PHOTO MIKE THEILER, REUTERS

Le vice-président Mike Pence et les élus ont été évacués. Grièvement blessée par une balle pendant l’assaut, une émeutière a succombé à ses blessures.

Digne d’« une république bananière »

« Ce n’est pas de la dissidence. C’est du désordre. C’est le chaos. C’est à la limite de la sédition, et cela doit cesser maintenant », a déclaré Joe Biden lors d’une brève allocution à Wilmington, au Delaware. « J’appelle cette foule à se retirer et à permettre au travail de la démocratie d’aller de l’avant. »

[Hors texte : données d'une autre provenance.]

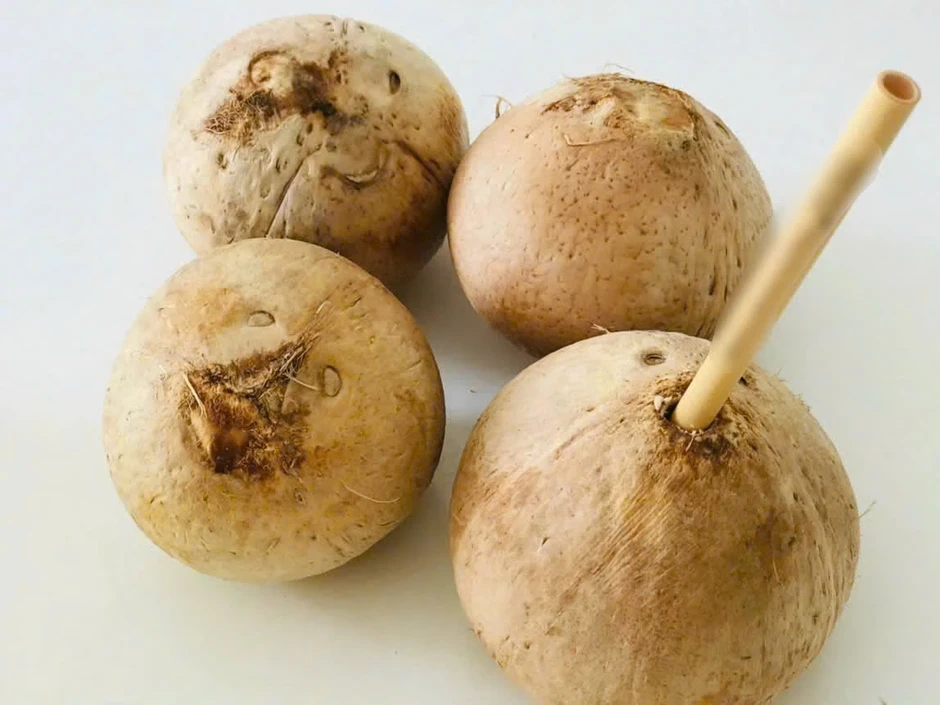 Thời tiết nóng uống nước dừa: Bao nhiêu là đủ, ai cần lưu ý? Thời tiết nóng uống nước dừa: Bao nhiêu là đủ, ai cần lưu ý?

Le président désigné a également exhorté Donald Trump à faire une déclaration télévisée pour défendre la Constitution et exiger la fin du siège du Capitole.

Le président a préféré publier sur son fil Twitter une vidéo dans laquelle il a plutôt justifié ce que plusieurs personnalités républicaines, dont un ancien président, ont décrit comme une « insurrection ».

« Ce sont les choses et les évènements qui se produisent lorsqu’une victoire électorale sacrée est si peu cérémonieusement et si vicieusement retirée à de grands patriotes qui ont été mal et injustement traités pendant si longtemps. Rentrez chez vous avec amour et en paix. Souvenez-vous de ce jour pour toujours ! », a tweeté Donald Trump.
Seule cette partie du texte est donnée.